- TASK DETAILS: Among the records that follow, find the line with "Residence Zoe, apartment" and the line with "ヴィレッジ奥田の玄関|※写真は別の部屋のものです。". Set down those lines and all lines between them exactly, without adding anything.

- INPUT:
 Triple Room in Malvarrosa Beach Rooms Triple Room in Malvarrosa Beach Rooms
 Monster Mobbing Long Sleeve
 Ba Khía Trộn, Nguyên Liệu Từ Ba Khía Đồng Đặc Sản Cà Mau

...

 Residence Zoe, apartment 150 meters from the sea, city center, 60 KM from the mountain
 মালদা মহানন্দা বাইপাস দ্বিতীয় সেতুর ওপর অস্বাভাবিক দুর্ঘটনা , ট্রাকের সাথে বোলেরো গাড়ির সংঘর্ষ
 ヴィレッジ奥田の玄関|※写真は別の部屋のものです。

- TASK RESPONSE:
 Residence Zoe, apartment 150 meters from the sea, city center, 60 KM from the mountain
 মালদা মহানন্দা বাইপাস দ্বিতীয় সেতুর ওপর অস্বাভাবিক দুর্ঘটনা , ট্রাকের সাথে বোলেরো গাড়ির সংঘর্ষ
 ヴィレッジ奥田の玄関|※写真は別の部屋のものです。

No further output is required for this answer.